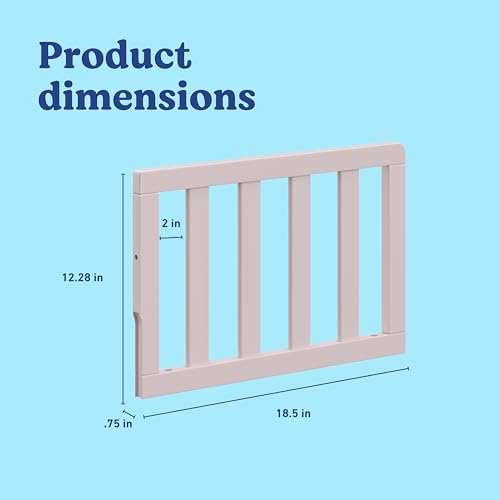 Image of Storkcraft & Graco Toddler Safety Guardrail with Slats (Blush) - GREENGUARD Gold Certified, Converts Compatible Storkcraft & Graco Crib to Toddler Bed, Each Guardrail Sold Individually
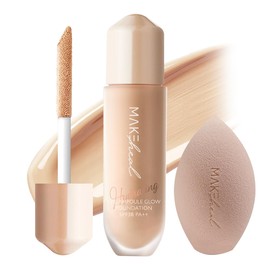 MAKEHEAL 1.P.L AMPOULE GLOW FOUNDATION dewy glowy finish, liquid foundation with wand, all day coverage, blendable, 28g 0.99 fl Oz [23-N REV LIGHT]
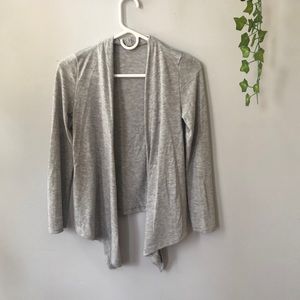 Gray open front sweater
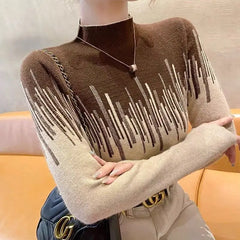 New Arrival - Gorgeous Luxury Women's Half High Collar Knitted Bright Silk Turtleneck Sweaters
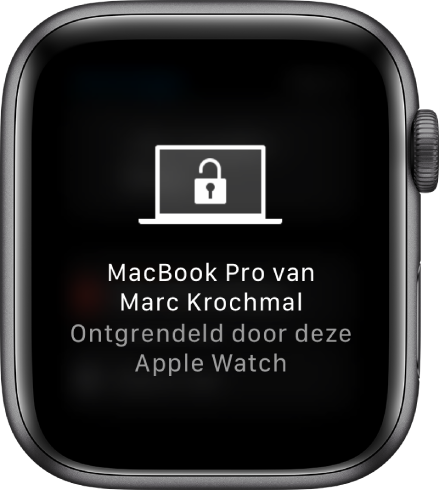 Apple Watch-scherm met de melding dat de Apple Watch Marc Krochmals MacBook Pro heeft ontgrendeld.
# # # # #
=== What you are asked to do ===
Please provide a faithful transcription of all the data, pictures excluded.

=== Solution to the exercise ===
 Image of Storkcraft & Graco Toddler Safety Guardrail with Slats (Blush) - GREENGUARD Gold Certified, Converts Compatible Storkcraft & Graco Crib to Toddler Bed, Each Guardrail Sold Individually
 MAKEHEAL 1.P.L AMPOULE GLOW FOUNDATION dewy glowy finish, liquid foundation with wand, all day coverage, blendable, 28g 0.99 fl Oz [23-N REV LIGHT]
 Gray open front sweater
 New Arrival - Gorgeous Luxury Women's Half High Collar Knitted Bright Silk Turtleneck Sweaters
 Apple Watch-scherm met de melding dat de Apple Watch Marc Krochmals MacBook Pro heeft ontgrendeld.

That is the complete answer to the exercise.